Ukraine reportedly attacked two Russian air bases by drones on Monday, flying hundreds of kilometers into Russian air space. Another drone attack set fire to an oil tank at a third Russian air base on Tuesday.
Ukrainian officials have not claimed responsibility for the drone attacks, according to The New York Times (NYT), but Ukrainian presidential adviser Mykhailo Podolyak said what comes around goes around.
“The Earth is round – discovery made by Galileo. Astronomy was not studied in Kremlin, giving preference to court astrologers,” Podolyak tweeted. “If it was, they would know: If something is launched into other countries’ airspace, sooner or later unknown flying objects will return to departure point.”
The Dyagilevo airfield in Ryazan Region and the Engels airfield in Saratov Region were targeted on Monday. On Tuesday, a drone attack occurred 80 miles from the Ukrainian border near a Russian air base in the Kursk region.
If it turns out that Ukraine’s forces were behind the most recent attack, it would be another sign that Kyiv wants to bring the war closer to Moscow and President Vladimir Putin, according to NYT.
After the drone attacks on Monday, Russia fired missiles at Ukraine. This cut power to half of Kyiv’s capital city and worsened rolling power outages throughout the country. At least 10 rockets were aimed at Kyiv on Monday, NYT reported.
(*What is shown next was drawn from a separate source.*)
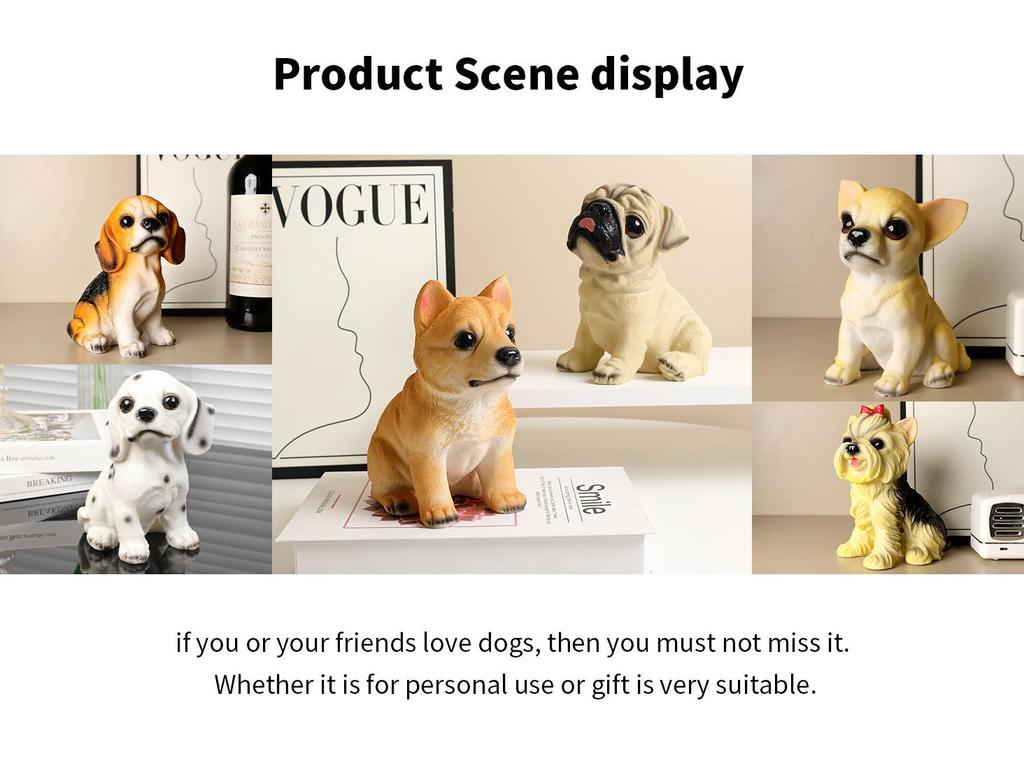 Resin Dog Figurine Basket - Home Decoration Ornament (Poodle, Myna, Bulldog)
“Unfortunately, there are victims,” Ukrainian President Volodymyr Zelenskyy said. “As of this time, there are four people killed by Russian strikes today. My condolences to families and friends.”
Retired Australian Army officer Mick Ryan suggested that the strikes inside Russia were symbolic, as Dyagilevo is roughly 100 miles from the Russian capital. Ryan said the shelling delivered a mental blow to Russian citizens who thought they were insulated from the effects of the invasion of Ukraine.
Even though the Ukrainian drones probably did not do much physical damage, they are likely a morale booster for the Ukrainians as the ground war slows down for the winter and Russia allegedly continues attacking energy infrastructure from the air.
U.S. Secretary of State Antony Blinken recently predicted that the 10-month-long conflict in Ukraine “will end almost certainly with diplomacy,” but he added that a ceasefire that freezes the current battle lines would be “a phony peace.”
Blinken called instead for “a just and durable peace.”
Kremlin spokesman Dmitry Peskov responded, “That the outcome should be ‘a just and durable peace’ — one can agree with this. But as for the prospects for some kind of negotiations, we don’t see them at the moment; we have repeatedly said so.”
Since Russia invaded Ukraine nine months ago, Putin and U.S. President Joe Biden have not talked, according to Reuters.